Green is the Colour, the final song on this album complete with bird songs in the background to add to the atmosphere of a gentle song to finish our journey here in Belfast ’69. A short love song from the soundtrack to the French film More by Barbet Schroeder. A strange little film about drug use, experimentation, discovery, love and all things Ibiza. However this version of the song comes out before the film’s release which was August 4th 1969 so we are revered with an early rendition of this song, perhaps still working the bugs out phase that the Floyd often did live before going in to the studio to complete it.
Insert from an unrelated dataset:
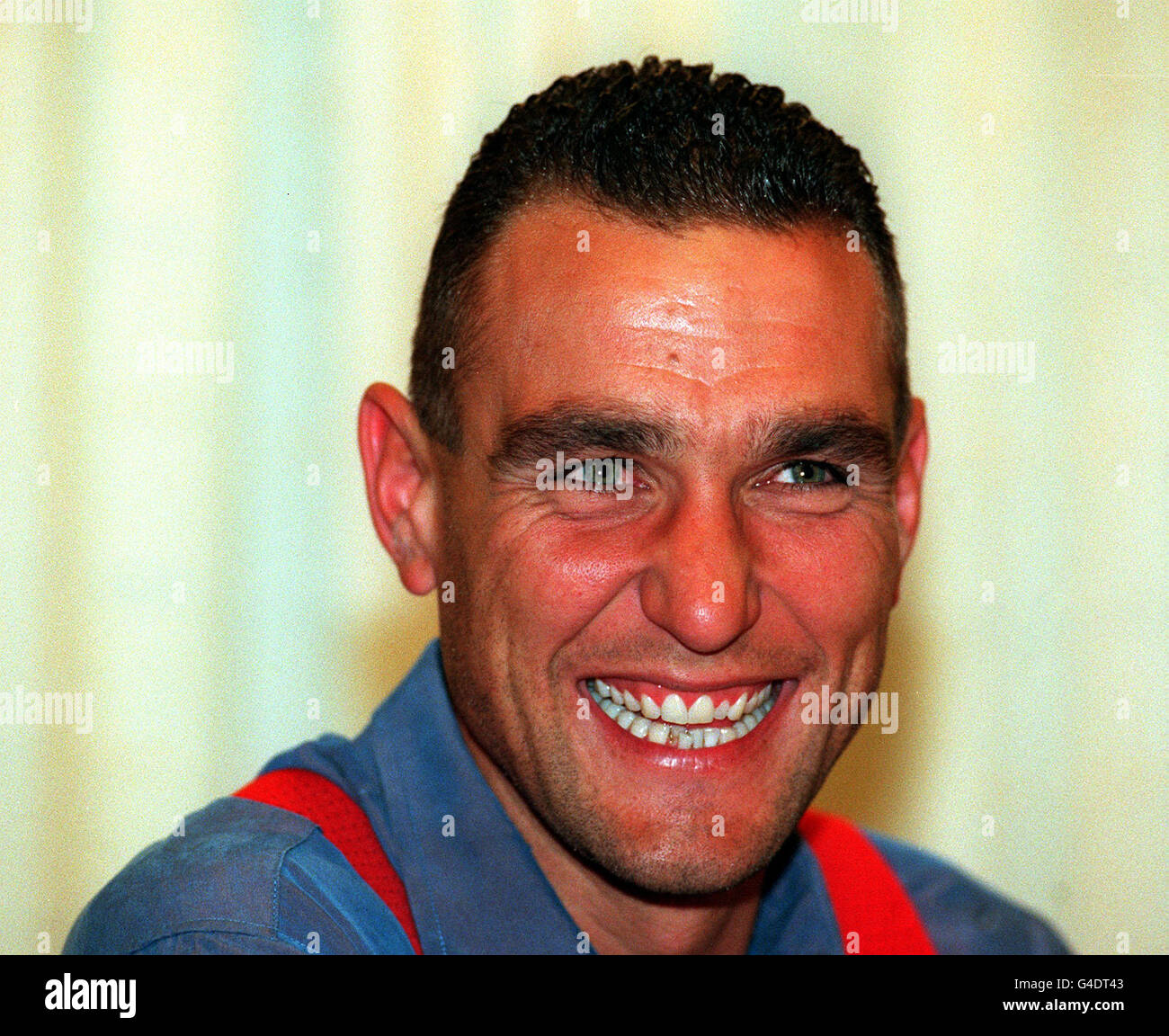 Pa news photo 23 8 98 footballer turned actor vinnie jones hires stock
Sadly this songs fades out right as it ends which leads me to believe that it may have been the start of the merging of Green is the Colour and Careful with that Axe, Eugene which became a main staple for the two songs for a couple years until it demise in the 1971 tour of Japan and Australia and just Careful was carried forth in tours until October 1973. The song also does merge with Careful back then because of their Man and the Journey series of shows they performed in 1969 which this could very well have been one of those shows but due to editing and chopping up of the songs we will never know until a newer or more complete recording of this show makes its way in to the light of trading circles, fingers crossed!  The song here flows beautifully with a warbling organ sound from Rick Wright and a semi-driving bass line by Roger to give it some substance of depth. Mason’s drums lightly gallop over and throughout standing out and pulling back as need be here and finally Gilmour’s guitar work is softened only by his voice that became distinctly a recognizable tone in the Pink Floyd’s songs for years to come. A simple explanation to a simple song, the end.